2020-07-27 21:05:36 | 実用書・ビジネス書
 写真の撮影と公表等の利用に関して、肖像権、プライバシー、名誉毀損、著作権(複製権、翻案権等)・著作者人格権(同一性保持権、氏名表示権、公表権)、パブリシティ等との関係で判断を示した裁判例を整理紹介する本。
 私の業務的な関心(プライバシー関係は一応私も詳しい弁護士と評価されていますし)から裁判例の知識のアップデート目的で読みました。知らなかった裁判例もいくつかありましたし、まとめて読むと新たな発見もあり、勉強になりましたが、最近の裁判例の紹介はちょっと手薄に思えました。
 分野分けはされているのですが、特に肖像権(第Ⅰ章)とプライバシー(第Ⅱ章)と名誉毀損(第Ⅲ章)と写真の撮影等をめぐる裁判例(第Ⅵ章1)は、多くの裁判例が重複していて、判旨(判決文抜粋)は省略されて、それでも「事案の概要」と「実務上の意義」(判示事項の整理抜粋と著者のコメント)はほとんど同じ内容のもの(分野に合わせて省略されたり加筆されている文もないではないですが、たいていはその分野以外の点もそのまま繰り返されています)が繰り返し掲載されています。
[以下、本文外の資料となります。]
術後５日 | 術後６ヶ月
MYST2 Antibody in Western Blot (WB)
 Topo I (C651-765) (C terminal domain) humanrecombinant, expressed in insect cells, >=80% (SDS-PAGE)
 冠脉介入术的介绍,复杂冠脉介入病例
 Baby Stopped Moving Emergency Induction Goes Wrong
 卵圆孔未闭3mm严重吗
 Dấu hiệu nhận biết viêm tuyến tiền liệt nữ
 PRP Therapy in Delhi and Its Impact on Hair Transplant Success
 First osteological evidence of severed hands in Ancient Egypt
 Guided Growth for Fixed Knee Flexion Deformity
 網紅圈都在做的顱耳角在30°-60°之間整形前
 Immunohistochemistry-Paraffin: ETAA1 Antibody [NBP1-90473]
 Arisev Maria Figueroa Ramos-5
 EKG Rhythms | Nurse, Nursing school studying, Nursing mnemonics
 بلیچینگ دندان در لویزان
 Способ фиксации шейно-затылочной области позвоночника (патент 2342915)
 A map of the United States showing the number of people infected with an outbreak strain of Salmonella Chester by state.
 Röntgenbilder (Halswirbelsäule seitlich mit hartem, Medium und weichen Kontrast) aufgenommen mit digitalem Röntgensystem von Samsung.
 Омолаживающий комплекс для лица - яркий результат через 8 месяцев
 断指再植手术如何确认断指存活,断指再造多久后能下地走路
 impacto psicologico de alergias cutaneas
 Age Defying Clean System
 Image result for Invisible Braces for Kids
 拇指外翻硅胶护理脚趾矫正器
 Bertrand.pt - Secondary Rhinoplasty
分野分けするのであれば、判決文のその分野に関する判示を抜き出してメリハリを付けた紹介をしていただいた方が読みやすいですし、それがなされていないためにいたずらに分厚い本になっているように思えます。
 判決文の引用紹介(判旨)の範囲が精選されておらず、「事案の概要」や「実務上の意義」で取り上げられている事項に関する部分が出ていないことも少なくなくて、読んでいて気になりました。例えば告別式で盗み撮りした遺影を写真週刊誌に掲載したことの違法性が争われた事件の判決(33~35ページ)で、肖像権等の人格権は死亡により消滅したが遺族の死者に対する敬愛追慕の情が著しく侵害されたとして損害賠償請求が認容されたことを紹介していながら、判決文は死者の人格権を認めることはできないという判示で終わっているとか、警察による監視カメラ設置の違法性が争われた事件の判決(55~57ページ)で監視カメラのうち1台はプライバシー侵害とされて撤去請求が認容されたことを紹介しておきながら(その判決の紹介が「警察が街頭にカメラを設置し、運用したことが肖像権の侵害にあたらないとされた事例」とされているのも不思議な気がしますが)判決文は原告らの容貌等を録画していると認めるに足りる証拠はないというところで終わっていて監視カメラのうち1台の違法性に関する判示はまったく引用されていないとか、読んでいる側には欲求不満が募ります。逆に、撮影した写真を勝手にアダルトサイトの広告に使用したことの違法性が争われた事件の判決(127~129ページ)では被告の1人である広告制作会社社長が写真入手時には社長ではなかったことから責任を負わないと判示した部分を紹介していますが、それは肖像権侵害の有無には特段の意味もなく著者も「実務上の意義」でまったく触れておらず、紹介している理由がわかりません。
 判決文を紹介する際、判例雑誌からそのまま抜き出しているのでしょうけれども、2006年前後までの判決文では関係者の固有名詞がそのまま紹介されています。出版済の紙媒体は直しようがないのでしかたがないと思いますが、この時期に出版する本で、かつて出版された判例雑誌に実名が掲載されているということで、現在の感覚では仮名(記号)化されるのがふつうになっている関係者の実名をそのまま記載していいのか、プライバシーもテーマとなっているこの本でそれでいいのかという疑問が残ります。
 なお、ロックバンド黒夢の写真集出版に関する判決の紹介で、ロックバンド名を「悪夢」としている(96ページ、427ページ)とか、ごく単純なミス・誤植も目に付きます。
 テーマは興味深く、多数の判決が掲載されていることはありがたいのですが、様々な点で雑さが目に付くのが残念です。